Trump NLRB Allows Employers to Oust Unions

This ruling:

  1. Eliminates the process for anticipatory withdrawal of union recognition
  2. Replaces the process of unfair labor charge with totally new elections

It is quite evident that President Trump and the Republican Party has again stabbed Unions in the back.  The NLRB’s recent ruling has made it much easier for employers to eliminate their union after obtaining evidence that the majority of the workers no longer support the union.

The NLRB Republican majority has eased the legal restrictions and allowed an employer to cease bargaining prior to the expiration of the CBA and state that it will remove the union when the contract ends. Prior to this change, if an employer were to make such an anticipatory withdrawal, the Union would file an unfair labor practice.  As a result of this change of procedure, the Union cannot be charged, bringing into question whether the union (in essence) lacked a majority support when the contract expired.

Employers can now announce a pending withdrawal of recognition within 90 days of the contract expiration and withdraw when the CBA ends.  The Union then has 45 days to file a petition for a new election.  This was a 3-1 decision based on Johnson Control’s Inc. anticipatory withdrawal of recognition to a UAW affiliate that represented 160 of its workers. (NLRB 10-CA-151843 7/3/19)  In overturning portions of the 2001 ruling in Levitz Furniture, the NLRB said this ruling protected employee free choice and that it would apply the new framework retroactively. The NLRB is also considering changes to other restrictions on elections to decertify unions.
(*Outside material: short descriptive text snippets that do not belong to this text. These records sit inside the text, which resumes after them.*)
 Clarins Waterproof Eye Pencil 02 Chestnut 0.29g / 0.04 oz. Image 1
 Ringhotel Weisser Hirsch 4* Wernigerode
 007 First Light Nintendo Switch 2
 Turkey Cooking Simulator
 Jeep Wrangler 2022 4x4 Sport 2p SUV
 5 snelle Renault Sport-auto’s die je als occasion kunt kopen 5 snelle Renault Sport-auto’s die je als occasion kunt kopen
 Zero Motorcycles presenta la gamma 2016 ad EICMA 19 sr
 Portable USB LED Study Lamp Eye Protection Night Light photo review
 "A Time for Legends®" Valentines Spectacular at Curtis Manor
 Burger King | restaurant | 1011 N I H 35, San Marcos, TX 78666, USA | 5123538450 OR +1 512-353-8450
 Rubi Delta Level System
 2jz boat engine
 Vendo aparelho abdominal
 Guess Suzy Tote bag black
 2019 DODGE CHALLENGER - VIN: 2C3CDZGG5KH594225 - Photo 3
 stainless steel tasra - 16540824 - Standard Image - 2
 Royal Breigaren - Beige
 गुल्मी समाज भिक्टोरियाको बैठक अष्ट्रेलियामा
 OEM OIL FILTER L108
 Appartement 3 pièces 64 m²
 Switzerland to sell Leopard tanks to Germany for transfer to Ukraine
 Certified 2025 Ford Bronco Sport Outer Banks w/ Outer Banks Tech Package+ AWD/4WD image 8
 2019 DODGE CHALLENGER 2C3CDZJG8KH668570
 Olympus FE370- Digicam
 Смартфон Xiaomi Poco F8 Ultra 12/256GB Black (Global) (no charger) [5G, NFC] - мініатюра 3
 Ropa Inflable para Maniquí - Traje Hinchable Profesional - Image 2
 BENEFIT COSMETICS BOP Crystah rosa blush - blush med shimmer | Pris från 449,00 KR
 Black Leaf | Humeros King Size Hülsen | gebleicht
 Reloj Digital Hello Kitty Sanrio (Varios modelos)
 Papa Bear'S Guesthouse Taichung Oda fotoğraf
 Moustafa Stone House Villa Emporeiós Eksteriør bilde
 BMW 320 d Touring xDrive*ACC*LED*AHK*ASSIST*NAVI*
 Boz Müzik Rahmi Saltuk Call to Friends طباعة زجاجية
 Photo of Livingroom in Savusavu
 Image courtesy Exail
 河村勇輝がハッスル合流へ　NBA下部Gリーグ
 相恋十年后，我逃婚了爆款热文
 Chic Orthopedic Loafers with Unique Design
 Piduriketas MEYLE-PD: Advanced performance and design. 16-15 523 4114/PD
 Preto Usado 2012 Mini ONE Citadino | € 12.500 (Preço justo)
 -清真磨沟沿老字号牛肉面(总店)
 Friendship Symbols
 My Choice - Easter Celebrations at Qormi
Lauren McFerran the Board’s only Democratic member stated that the decision allows an employer to withdraw recognition “in the face of objective evidence that the union has not lost majority support among the employees it represents” and instead requires a new election.  “Disregarding the union’s continuing presumption of majority support and dismissing the union’s rebuttal evidence as immaterial, the employer is now permitted to oust the union as the employees’ bargaining representative the second the contract expires…..and the union remains ousted, unless and until it seeks and wins a Board election,” McFerran said in her dissent.

Union members should respond to this decision at the ballot box.